For students, the government would extend the interest waiver on loans until March 2023; it would increase the threshold for repayment assistance; and it would lower the cap on loan payments to 10 per cent, rather than 20 per cent of household income. Canada Student Grants would continue to be doubled until the end of July 2023. Adult learners who go back to school would have their grant top-ups extended, too. There’s also increased funding for the Student Work Placement Program, the Youth Employment and Skills Strategy, the Canada Summer Jobs program and non-profit organization Mitacs.

Another major tranche of spending focuses on training and recruitment. A new “Sectoral Workforce Solutions Program” would deliver training to an estimated 90,000 workers in “sectors where employers are looking for skilled workers,” including health, clean energy and construction. Forty per cent of the workers would be from underrepresented groups, the budget document says, including women, persons with disabilities and Indigenous people. The program would cost $960 million over three years.

Two more new programs—an “Apprenticeship Service,” a “Skills for Success” program —would connect apprentices to employers and fund literacy and numeracy training, respectively. A third, the “Community Workforce Development Program,” would deliver funding to “high potential growth organizations” through calls for proposals, helping them to train and hire workers. There are incentives here, too, for hiring from underrepresented groups.

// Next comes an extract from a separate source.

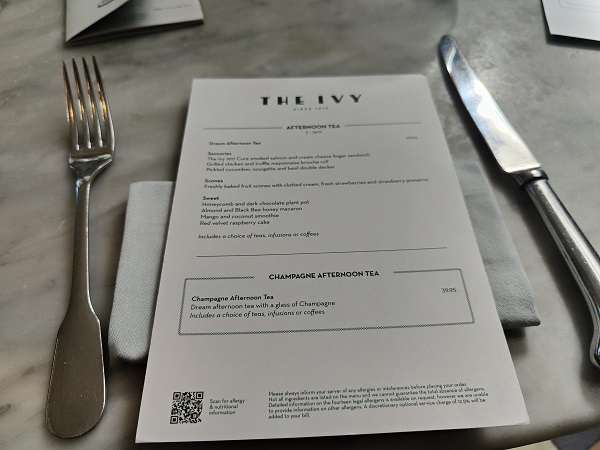The Ivy Clifton Brasserie - Afternoon Tea Menu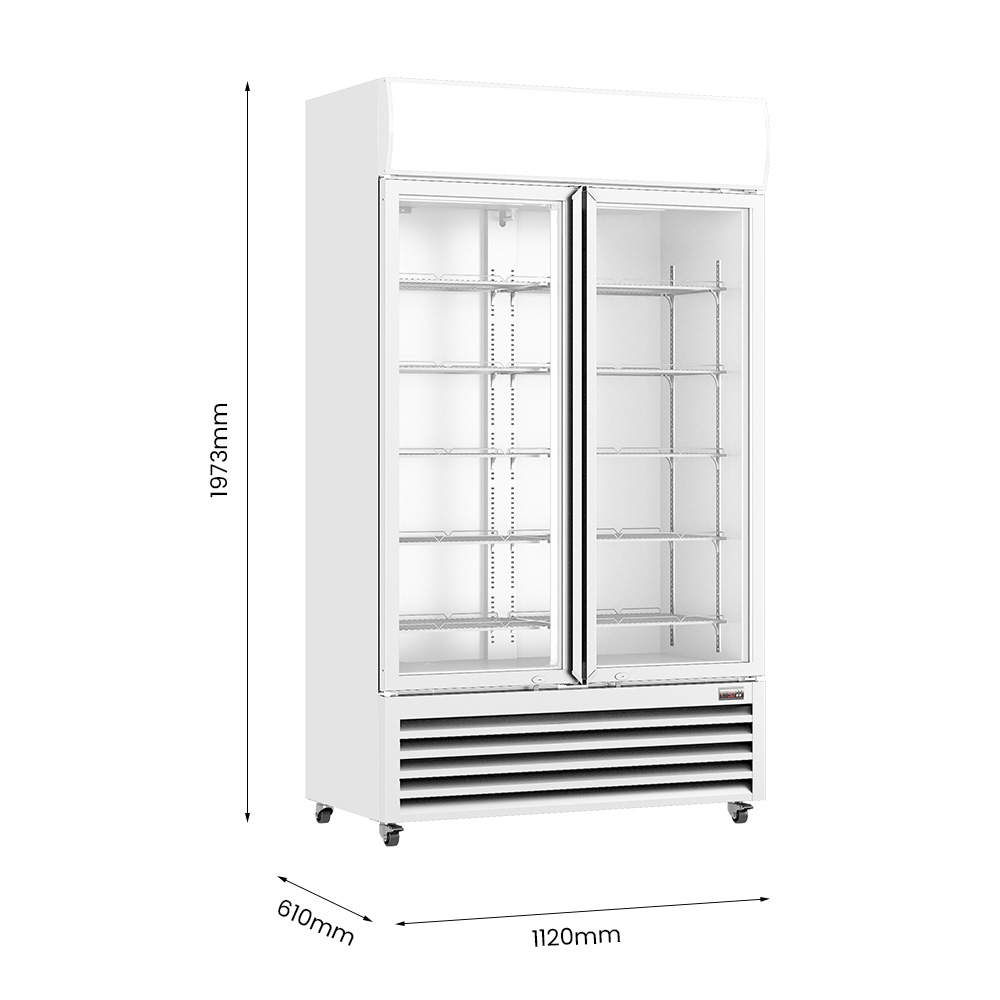 Thermaster Two Glass Door Colourbond Upright Drink Fridge - LG-730P - Image 3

For low-income earners, Liberals are proposing that the Canada Workers Benefit be extended to support about one million additional Canadians. They also propose allowing secondary earners to exclude up to $14,000 of their working income when income-testing for the benefit as a household. (That’s what would help Maria, per the blurb.) These changes would, the budget says, provide $8.9 billion in supports over six years, then $1.7 billion per year on an ongoing basis.

With 3.3 million Canadians accessing employment insurance since last fall, the Liberals are also proposing an overhaul of the system to make it “more accessible and simple,” including simplifying benefits for people with multiple jobs and allowing claimants to receive benefits sooner. It proposes spending $3.9 billion over three years to accomplish a list of changes, plus another $5 million over two years to launch a consultation on longer-term reforms and $99.9 million over three years to add benefits for seasonal workers. The feds also plan to make good on a pledge to increase EI sick leave benefits from 15 to 26 weeks. The budget allocates $3 billion over the next five years for that purpose, then $967 million per year ongoing. The change would only take effect next summer.

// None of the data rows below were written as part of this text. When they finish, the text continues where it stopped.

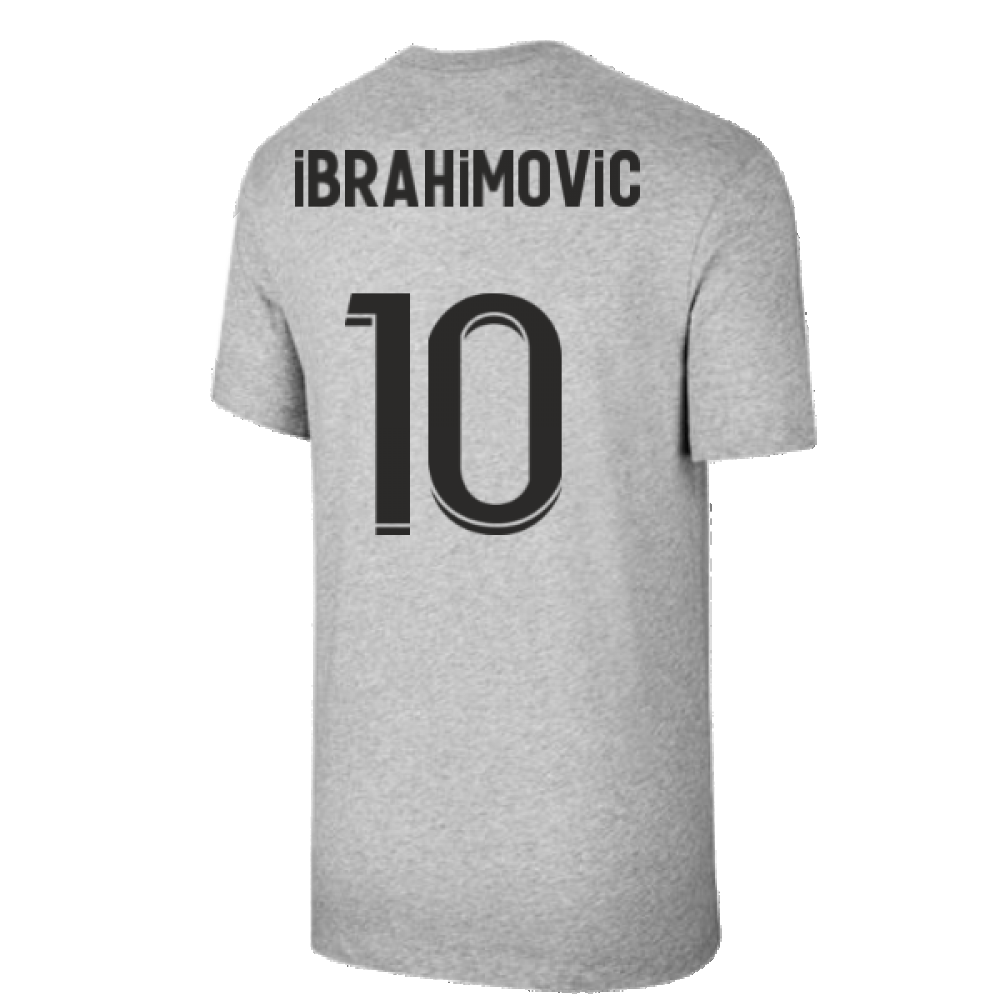 2021-2022 PSG Tee Evergreen Crest (Grey) (IBRAHIMOVIC 10)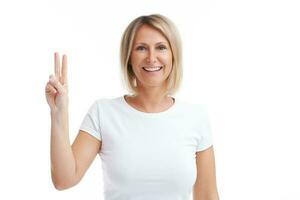 Picture of blonde woman over back isolated background counting on fingers photo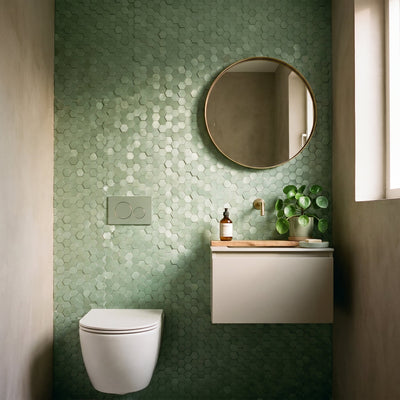 Crédence adhésive | Mini Hexagone 3D Vert pastel | 29,8×30,7 cm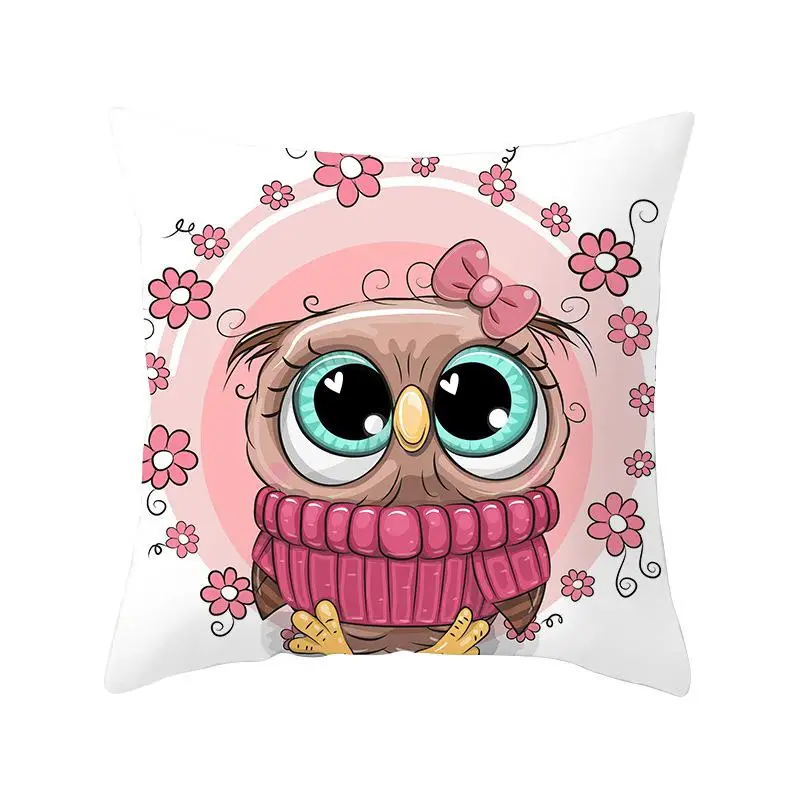 New 45*45cm Cartoon Cushion Cover Owl Family Print Pillow Case Bird Polyester Throw Pillow Cover Decoration For Home Office - Цвет: 8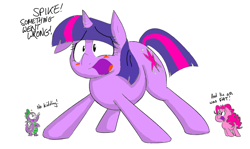 Size: 898x535 | Tagged: safe, artist:shoutingisfun, color edit, edit, pinkie pie, spike, twilight sparkle, dragon, earth pony, pony, unicorn, blushing, colored, giant pony, macro, mega twilight sparkle, size difference, the ass was fat, vulgar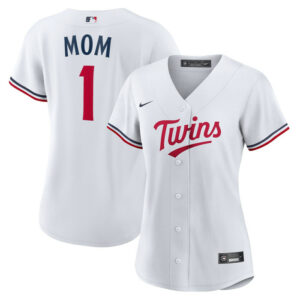 Women's Minnesota Twins Nike White #1 Mom Home Replica Jersey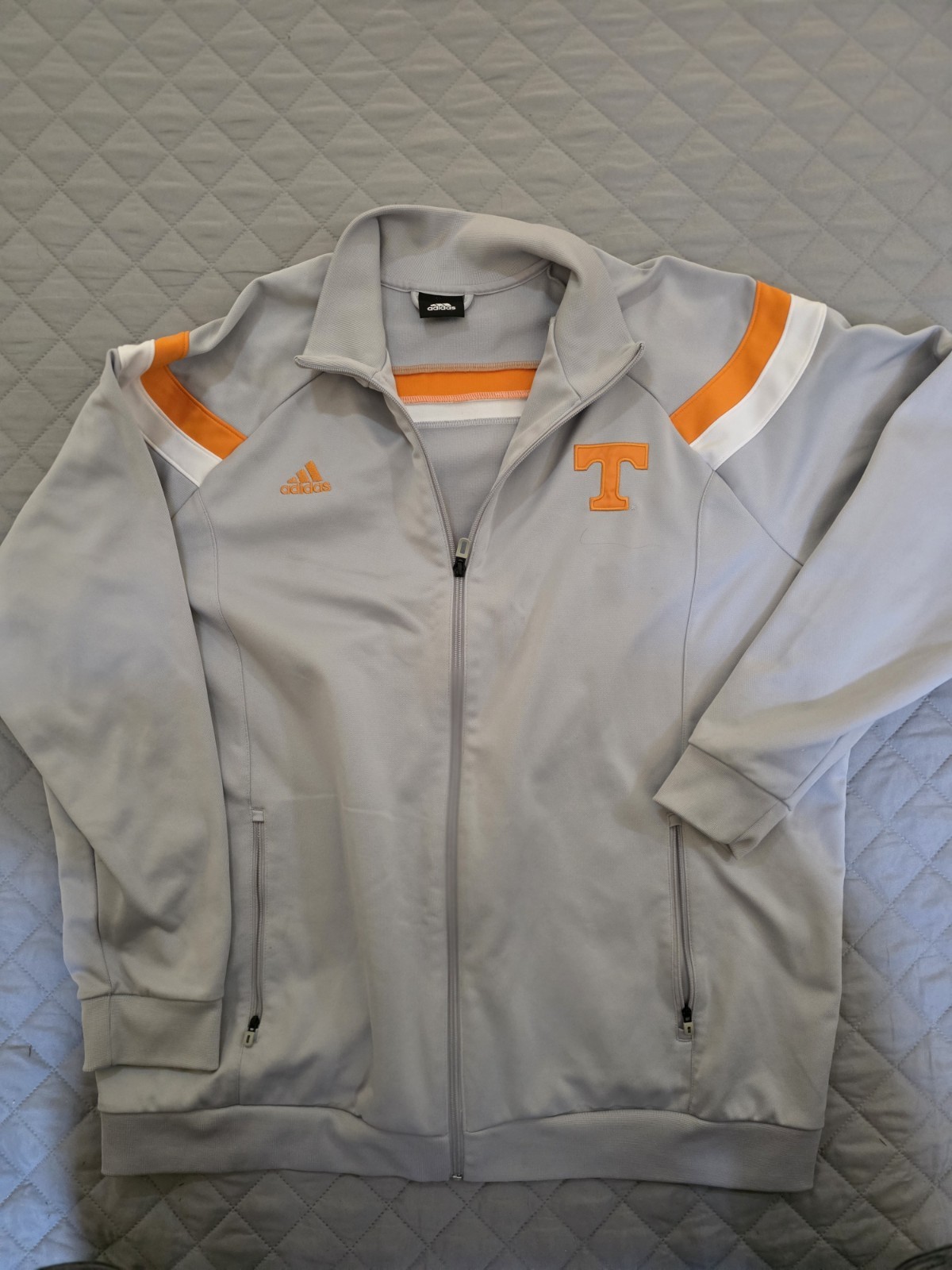 Adidas Men Performance Jacket Gray With White/ Or… - image 1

Getting whiplash yet? We aren’t done. For small and medium-sized enterprises, the budget proposes the “Canadian Digital Adoption Program,” which would help businesses with e-commerce, through micro-grants and support from a network of 28,000 young Canadians who would be trained and hired to provide help. (That’s for Tim.) A second stream for “off-main street” businesses, like manufacturers, would receive advice on technology planning and financing. The program would cost $4 billion over four years.

There is a long list of further investments designed to provide venture capital, boost exports, encourage “innovation,” lower inter-provincial trade barriers and support entrepreneurs, with specific entrepreneurial programs for women and Black Canadians.

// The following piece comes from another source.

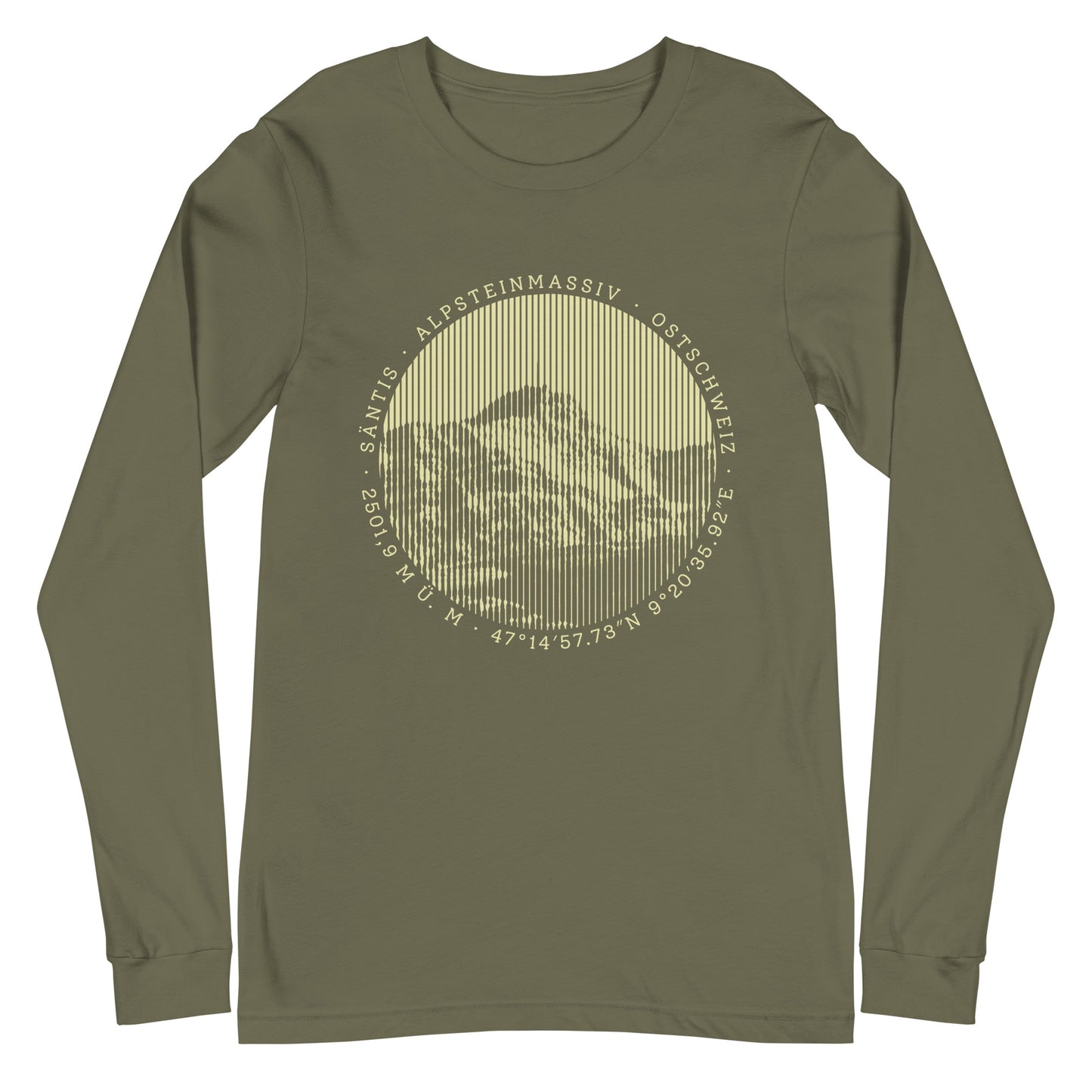 olivgrünes Langarm-Shirt mit Säntis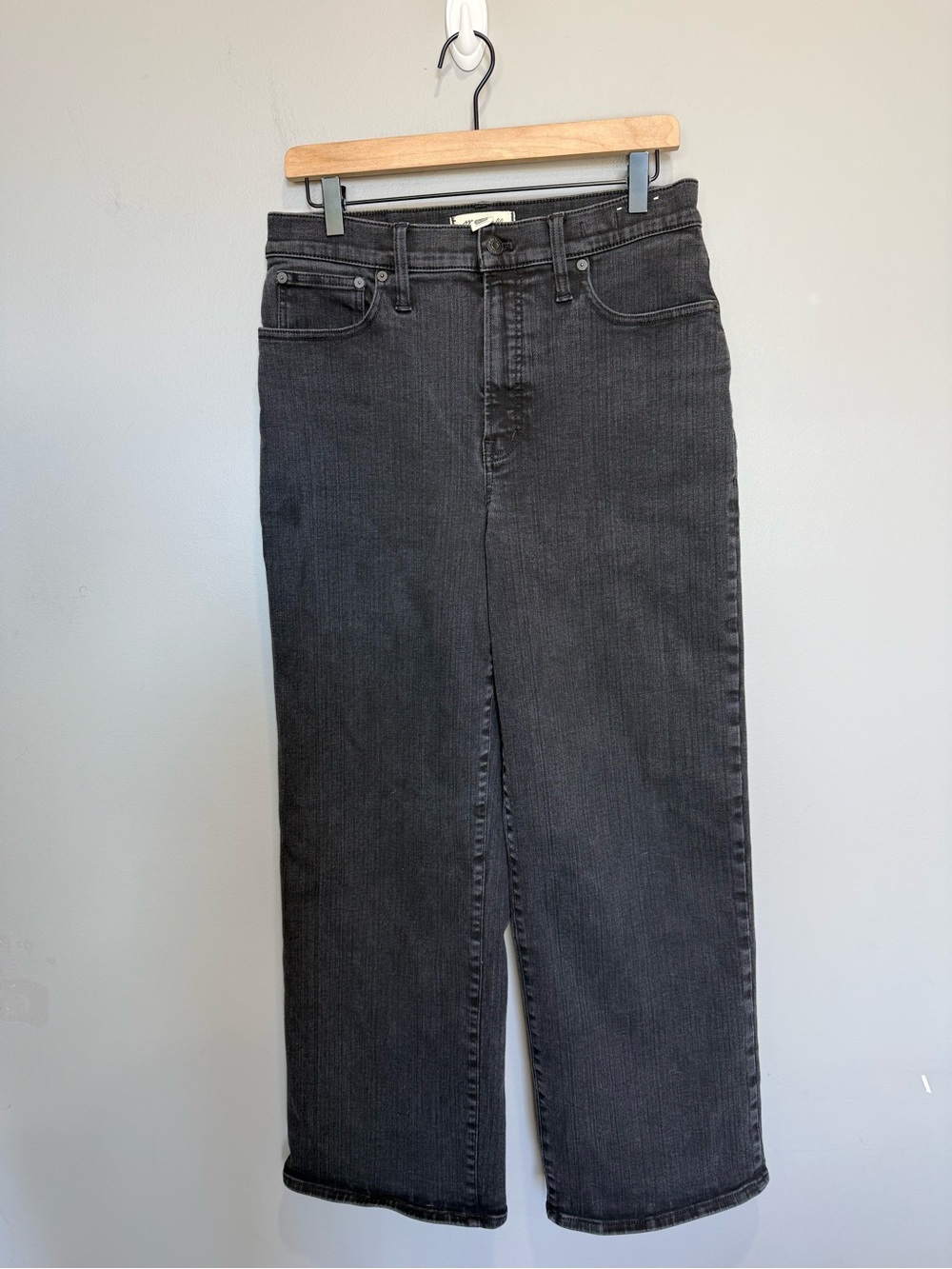 Madewell Perfect Vintage Wide-Leg Jeans Black Size 30 High Rise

It is difficult to imagine the rollout of all of these policies, and the magnitude of all of that money, when the finance department officials who worked on the budget, and the reporters who are writing about it, are all stuck in their living rooms. (Let alone the wide breadth of other measures that the very long document proposes.)

As they try to sell this budget—this catalogue for what Canadians can expect if they elect another Liberal government—Freeland and her colleagues will need to find a way to project the document’s own optimistic tone about our path to the other side. Even while much of the country is locked down, they must try to convince the in-the-flesh Tims and Marias of the world that this is almost over. They may find a willing audience.